Doctors advise individuals with poor bowel movements to add food rich in fiber to their daily diet. Most of these food items, such as whole wheat bread, fruits and oatmeal are easily available. However, eating too much fiber-based food, and that too quickly, often leads to frequent bowel movements. Such undesirable effects can be reduced if you understand the role of fiber in the digestive process and learn to consume the right amount of fiber on a daily basis.
How much fibre does one need to take?
To regulate your daily bowel movements please follow these suggestions – 25 gms of fibre for women below the age of 50 and 38gms for men below 50 yrs. If you are a woman over the age of 50 yrs, 21 gms of fiber is recommended in your diet, while a man above 50 yrs may take 30 grams. Increase in dosage is likely to increase the frequency of your bowel movements while a decrease could lead to constipation. Any changes therefore must be implemented only gradually. Fibre tends to absorb water, so make sure you drink adequate amount of water every day. 8-10 glasses of water are required on a daily basis.

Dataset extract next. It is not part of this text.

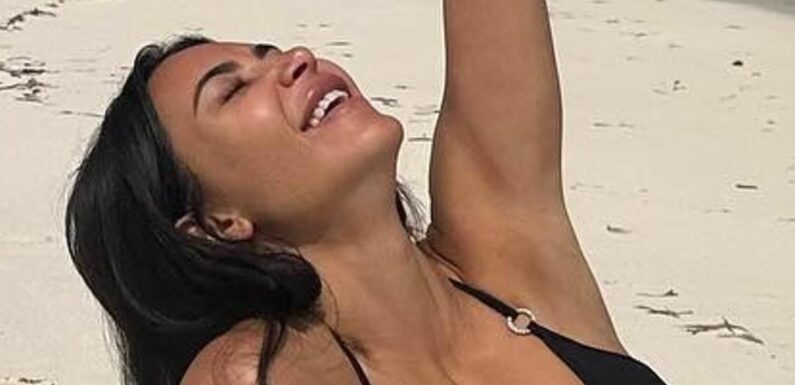 Kim Kardashian shows off her jaw-dropping figure in busty black bikini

It is always better to consult a physician before adding more fiber to your diet. In case you observe changes in the color or volume of your feces or if you observe blood, pus or excessive mucus, make sure that you consult your doctor.
A word of caution!
If your bowel blues are due to other medical conditions such diarrhea, irritable bowel syndrome, diverticulitis or an obstruction, a high-fiber diet is likely to worsen the condition by causing pain or abdominal bloating. In such situations, it is recommended that dietary fiber is reduced to lesser than 10 gms a day. You may resume normal dosage once the abdominal problem tides over.